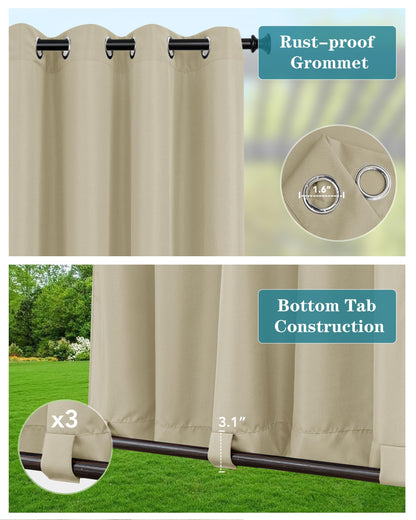 HolidayIdeas Outdoor Curtains for Patio Waterproof-4 Panels 54"x84"-Windproof Weatherproof Privacy Cream Outside Curtains-Grommet Top and Tab Bottom Drape for Gazebo, Porch, Pergola, Cabana, Backyard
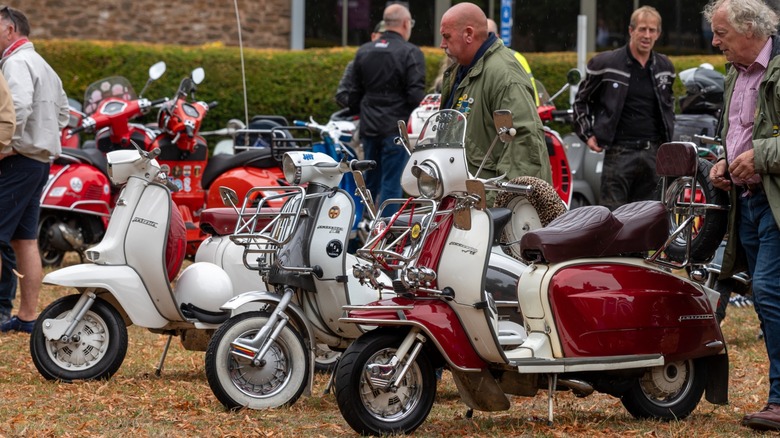 Lambretta scooters at a rally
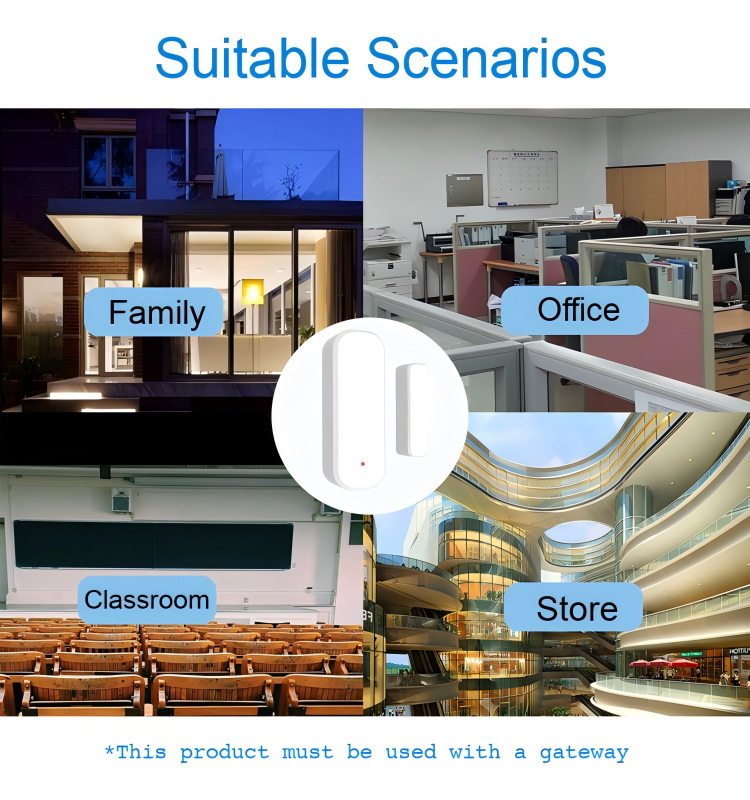 ZigBee 3.0 Door Window Smart Home Sensors Realtime Intrusion Alert ABS V0 Fireproof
--
**Exercise:** The finished copy should match the data above word for word and contain no pictures.

**Result:**
 HolidayIdeas Outdoor Curtains for Patio Waterproof-4 Panels 54"x84"-Windproof Weatherproof Privacy Cream Outside Curtains-Grommet Top and Tab Bottom Drape for Gazebo, Porch, Pergola, Cabana, Backyard
 Lambretta scooters at a rally
 ZigBee 3.0 Door Window Smart Home Sensors Realtime Intrusion Alert ABS V0 Fireproof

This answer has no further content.